Map Projection and Map Styles
If you are primarily interested in buying a map for decor purposes then, the main thing to know is that a map projection determines the shape of the map, just as map style determines the color scheme of a map.
|Map Styles explained|
All of our satellite imagery maps are derived from one very large whole-world image or another, also known as the source image. Each of these very large source images consists of data from specific satellites, specific image capture instrumentation, a time period over which the data was collected etc.
Buying a map for decor
For aesthetic purposes it is enough to know that these different source images (and the maps derived from them) have different color palettes. For that reason we refer to them as different "styles". We currently carry two styles, namely "New Generation Winter" and "Spectrum World".

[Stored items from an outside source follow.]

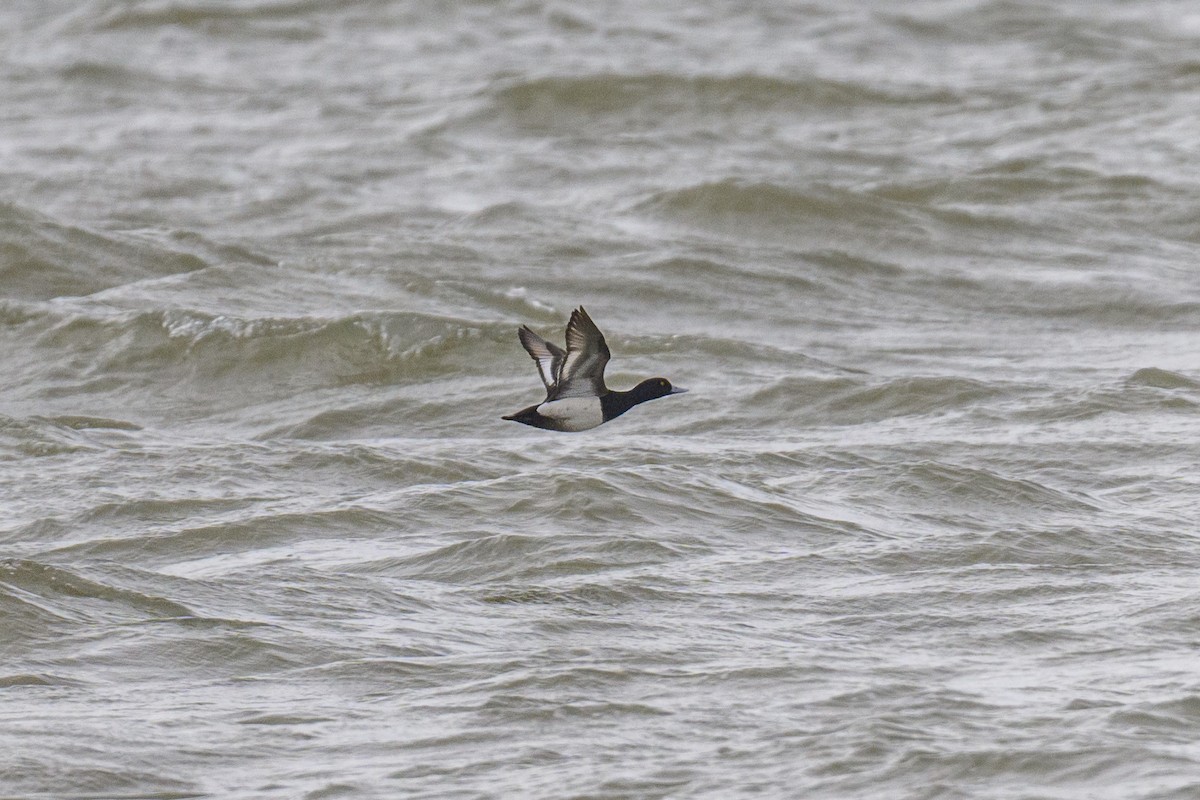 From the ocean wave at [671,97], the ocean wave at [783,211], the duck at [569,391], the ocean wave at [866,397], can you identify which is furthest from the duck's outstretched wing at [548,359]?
the ocean wave at [671,97]

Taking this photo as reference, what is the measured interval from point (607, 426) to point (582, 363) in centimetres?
272

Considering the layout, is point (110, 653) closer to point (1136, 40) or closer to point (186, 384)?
point (186, 384)

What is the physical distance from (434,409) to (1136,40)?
1131 cm

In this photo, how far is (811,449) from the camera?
930 cm

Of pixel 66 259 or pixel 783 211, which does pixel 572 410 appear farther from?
pixel 783 211

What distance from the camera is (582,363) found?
7051mm

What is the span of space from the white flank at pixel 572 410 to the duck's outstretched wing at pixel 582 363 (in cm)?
3

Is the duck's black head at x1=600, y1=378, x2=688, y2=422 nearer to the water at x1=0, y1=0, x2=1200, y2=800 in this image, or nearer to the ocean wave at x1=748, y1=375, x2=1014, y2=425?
the water at x1=0, y1=0, x2=1200, y2=800

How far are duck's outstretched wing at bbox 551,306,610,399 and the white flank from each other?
0.08ft

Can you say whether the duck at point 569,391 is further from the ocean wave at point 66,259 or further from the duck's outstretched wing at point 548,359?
the ocean wave at point 66,259

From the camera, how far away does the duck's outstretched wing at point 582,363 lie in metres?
6.79

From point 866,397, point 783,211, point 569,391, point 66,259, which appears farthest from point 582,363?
point 783,211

Buying a map for reference purposes
Since these satellite imagery maps are cartographically correct, accurate and the data is of very high resolution, they can be used for reference and educational purposes. The source images are seamless mosaics of cloud-free satellite scenes that are geo referenced. Some source images incorporate bathymetry data (topography of the ocean floor) from various surveys and occasionally data from different satellites.
|Spectrum World style (MODIS and GEBCO data)
The land cover imagery was collected using NASA's Moderate Resolution Imaging Spectroradiometer (MODIS) in August 2004. Ocean bathymetry is derived from the RAMP II dataset (Radarsat Antarctic Mapping Project Digital Elevation Model), Version 2, 2001 and GEBCO (General Bathymetric Chart of the Oceans), 2003. Polar sea ice is based on a combination of sources including MODIS data and observations of Antarctica made by the National Oceanic and Atmospheric Administration's AVHRR sensor (Advanced Very High Resolution Radiometer).
New Generation Winter style (MODIS winter data)
The land cover imagery was collected using NASA's Moderate Resolution Imaging Spectroradiometer (MODIS) in February 2004. Polar sea ice is based on a combination of sources including MODIS data and observations of Antarctica made by the National Oceanic and Atmospheric Administration's AVHRR sensor (Advanced Very High Resolution Radiometer).